The Livingstone Formulation does not allege that Jews often misjudge what has happened to them, it alleges that they lie about what has happened to them. It is not an allegation of error, or over-zealousness, perhaps explicable by reference to the antisemitism of the past. It is an allegation of conspiracy. The 40 do not say that (other) Jews and (mainstream) Jewish institutions campaign for IHRA out of a genuine if misplaced fear of antisemitism, it says that they do so with an ulterior motive of re-describing criticism of Israel as antisemitism in order to make it appear illegitimate. This is not an allegation made against this or that Jewish person, but against the overwhelming majority of Jews and their institutions.

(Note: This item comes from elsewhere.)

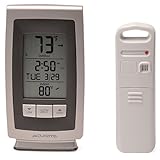 AcuRite Digital Thermometer with Indoor / Outdoor Temperature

A recent letter in the Guardian, signed by 95 leading Jewish student activists, states that they campaign for the adoption of the IHRA definition because they ‘seek to protect Jewish students and not the government of the State of Israel’. It went on:
The abuse we face is often cloaked in political discourse. When Jewish students who protested against Jeremy Corbyn’s visit to the University of Bristol described being called a ‘filthy zio’ and ‘a puppet of the Zionist lobby’, and being ‘repeatedly asked who was paying [them] to be there’, and told that they ‘should go back to where [they] belong’, they were not encountering criticism of the State of Israel; rather, they were experiencing naked antisemitism.[4]
Recently the old notion that Jews are rich and so side with the oppressors has re-emerged into the mainstream with the accusation that Jews pretend to have experienced antisemitism on the left, not only to silence Palestinians, but also to protect ‘capitalism’ itself.
The recent Equalities and Human Rights Commission (EHRC) report on antisemitism in the Labour Party[5] under Jeremy Corbyn’s leadership felt the need to re-state the Macpherson principle specifically in relation to antisemitism. The report says that to assume that allegations of antisemitism are made in bad faith for ulterior motives may itself be antisemitic:
Labour Party agents denied antisemitism in the Party and made comments dismissing complaints as ‘smears’ and ‘fake’. This conduct may target Jewish members as deliberately making up antisemitism complaints to undermine the Labour Party and ignores legitimate and genuine complaints of antisemitism in the Party.[6]
When this was done by officers of the Labour Party, says the report, it constituted ‘unlawful harassment’ under the Equality Act (2010). The EHRC Principle is that the practice of dismissing complaints of antisemitism as ‘smears’ and ‘fake’ may itself be antisemitic. The wording is important here because it still requires judgment of the specifics of the case. Of course it is possible for an accusation to be made that is in fact fake, or a smear, just as it is possible for a woman to invent a story of rape. But to dismiss such accusations without proper investigation, without empathetic consideration and without taking them seriously may well be antisemitic – or sexist.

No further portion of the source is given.